Since Adobe released Photoshop 1.0 almost thirty years ago in 1990, it has become the tool used in mainstream media to alter everything from the blemishes on models’ faces to the size of their thighs. Although the broader uses of Photoshop include simply improving the visual quality of photos, the way the fashion industry has put the software program to use—namely, to substantially altar the appearances of real people—has raised much controversy in popular culture. Photoshop has been so largely integrated into the fashion world that it is rare—nay, unheard of— to look through the glossy pages of a magazine without seeing the effects of Photoshop both in the magazine’s photo spreads and in its advertisements. While many people realize, and advocate against, the damaging effects of Photoshopped pictures on our society’s youth—including negative body image, low self-esteem, and even eating disorders—the program is still widely used, and does not appear to be going anywhere anytime soon.
Because photography, unlike painting or sculpture, was the first medium to portray the truth with any singularity, interactive multimedia researcher Meredith Jones explains that the issue with Photoshop is how “Photography’s intimate ties with truth and reality have been more explicitly called into question” (21-22). And indeed, the authenticity of photographs seen in the fashion industry has been a topic of discussion for years. In 2010, Ann Taylor displayed photos of a model who appeared not to have ribs (Donovan 582); similarly, in 2009, an Olay advertisement featured a fifty-nine-year old Twiggy “with softened and reduced wrinkles and with no sign of under-eye bags or crow’s feet” (Donovan 583). Although some people may have the ability to look at pictures like this and immediately realize that digital editing has been used, many other people may not be able to tell what is Photoshopped and what is real. This ambiguity is problematic because, as Meredith Jones observes, it calls into question the honestly of the photography in today’s popular culture.

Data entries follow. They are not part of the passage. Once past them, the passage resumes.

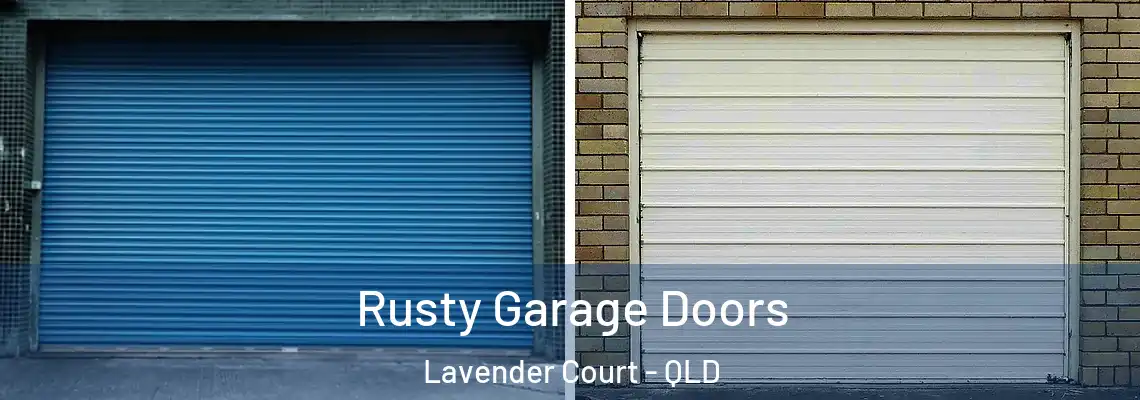 Rusty Garage Doors Lavender Court - QLD
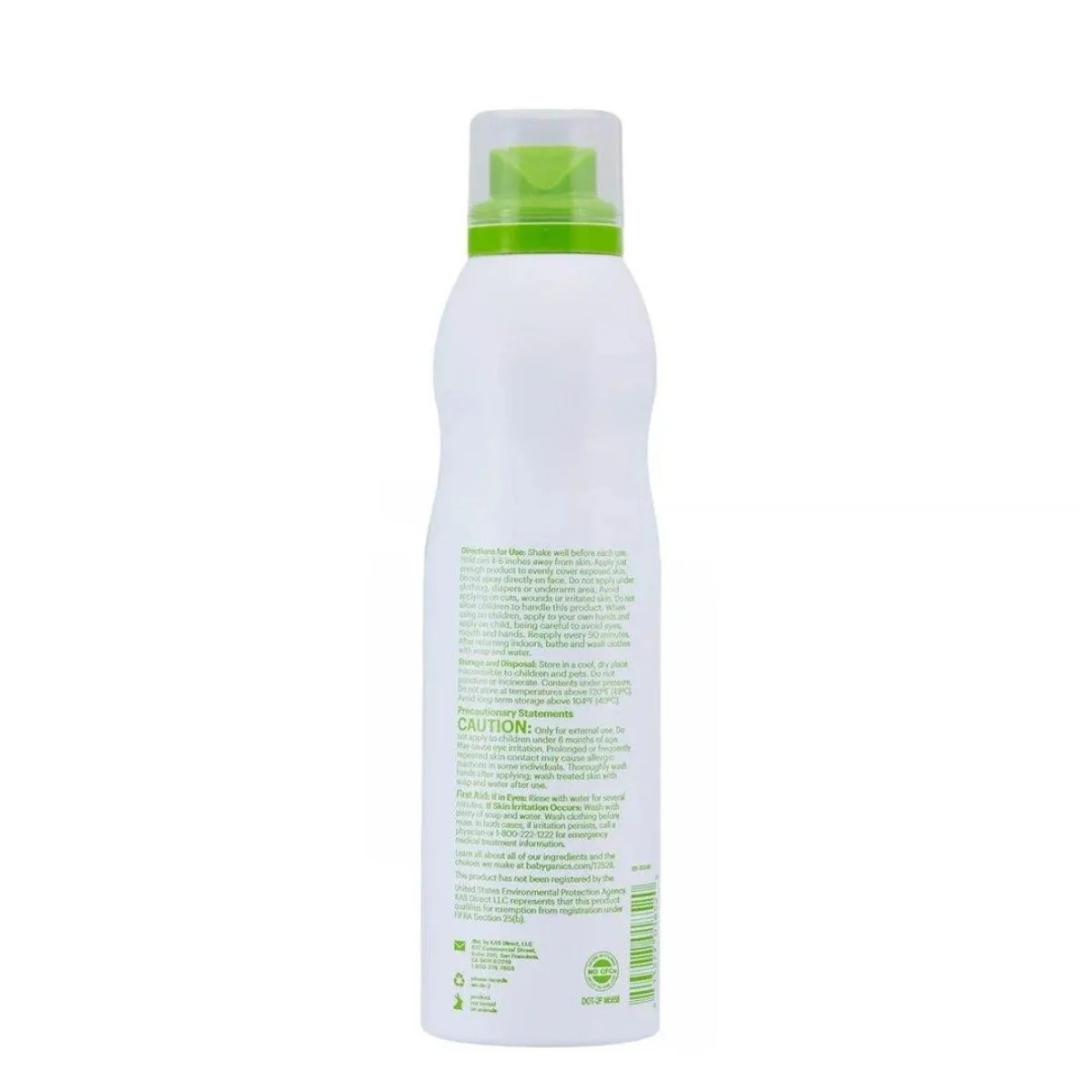 Babyganics Natural Continuos Mist Bug Spray For Baby 5oz - Image 4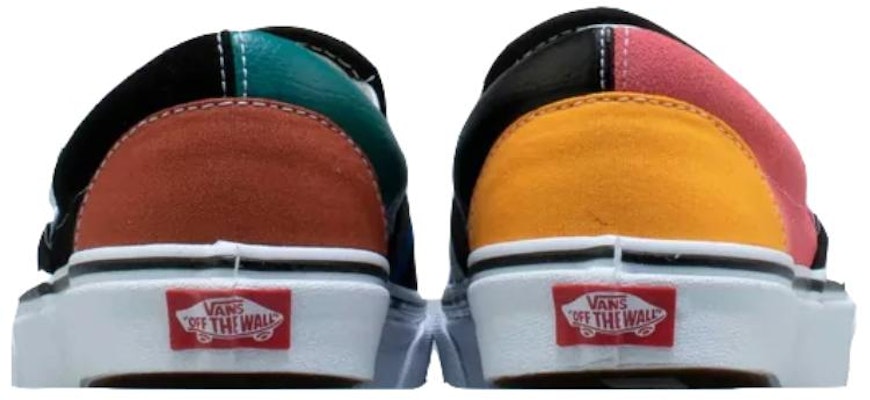 Vans Classic Slip-On 'Patchwork' VN0A38F7VMF Shop Vans Classic Slip-On 'Patchwork' VN0A38F7VMF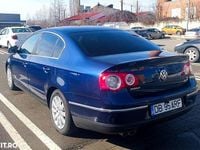 Second-hand VW Passat Comfortline 110 CP (80 kW) 2009 Culoarealbastru Berlinǎ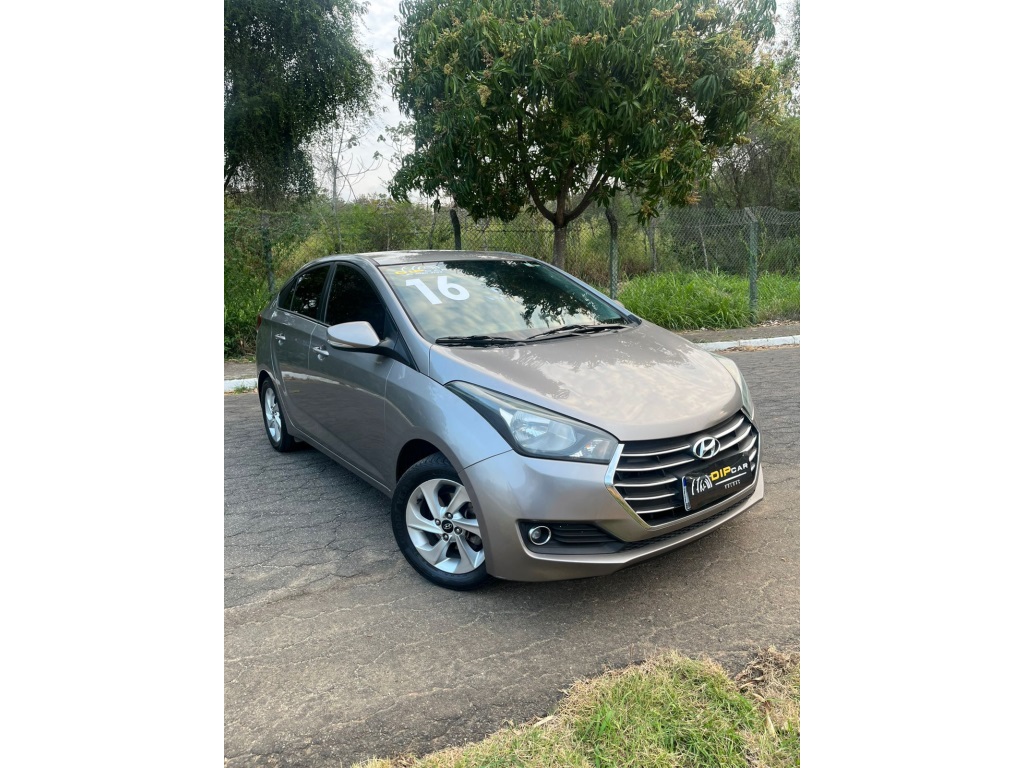HYUNDAI HB20S 1.6 COMFORT STYLE 16V FLEX 4P MANUAL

According to Alyssa Dellaria, a graphic designer at Mambo Sprouts Marketing who uses Photoshop on a daily basis, the original purpose of Photoshop was much different than what it is actually used for today. She stated:
I definitely think Photoshop is useful when it comes to adjusting lighting—that was the initial use for Photoshop, lighting. But now people use Photoshop to manipulate their bodies, and that wasn’t the original intent, as far as I know. It was just a photo editing software program for adjusting size and the other basic stuff in photographs. But now, the liquefy tools [used to altar a person’s body] aren’t so good, because you’re deceiving people when you use them.
Meredith Jones agrees that Photoshop poses a question of ethics when it is used to manipulate people’s appearance; she says, “It is most controversial when combined with more traditional modes of photography and representation, specifically for the ways it is used to ‘enhance’ faces and bodies in line with mainstream beauty ideals of youth, slenderness, and whiteness” (22). The issue of unrealistic slenderness portrayed in magazines is particularly potent; according to journalist Marilyn Krawitz, there is an undeniable connection between media images and eating disorders. She states that the ideal body image for women in Western countries has been a thin one for more than fifty years, and that people in the fashion industry perpetuate this ideal by hiring models who typically have a body weight twenty percent lower than is healthy. The thin body image is also perpetuated through photographs of models that are Photoshopped to appear thinner and more attractive (Krawitz 862). “They [women] may try to change their bodies to look more like these models because they associate people in photographs as being beautiful. Seeing these images can lead some women to start dieting and to develop eating disorders” (Krawitz 862-863).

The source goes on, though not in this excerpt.